== Listed records ==

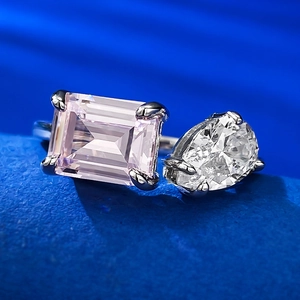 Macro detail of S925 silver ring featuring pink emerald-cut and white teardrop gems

===
== Listed records ==

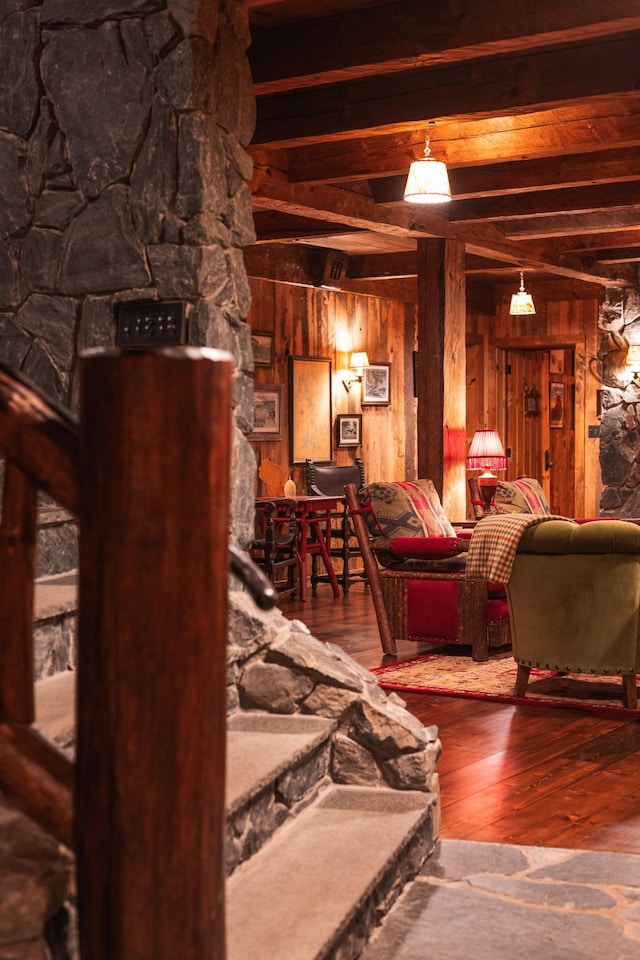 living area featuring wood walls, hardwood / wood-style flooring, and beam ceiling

===
== Listed records ==

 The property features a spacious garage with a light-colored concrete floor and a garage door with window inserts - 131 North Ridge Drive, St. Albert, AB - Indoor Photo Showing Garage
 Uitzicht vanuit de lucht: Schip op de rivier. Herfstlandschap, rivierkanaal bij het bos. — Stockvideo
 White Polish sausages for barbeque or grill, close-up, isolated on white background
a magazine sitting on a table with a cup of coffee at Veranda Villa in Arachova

===

* **Instructions to follow**
Select all lines in the listing above where the word "with" appears, and show them.

* **Solution below**
 The property features a spacious garage with a light-colored concrete floor and a garage door with window inserts - 131 North Ridge Drive, St. Albert, AB - Indoor Photo Showing Garage
a magazine sitting on a table with a cup of coffee at Veranda Villa in Arachova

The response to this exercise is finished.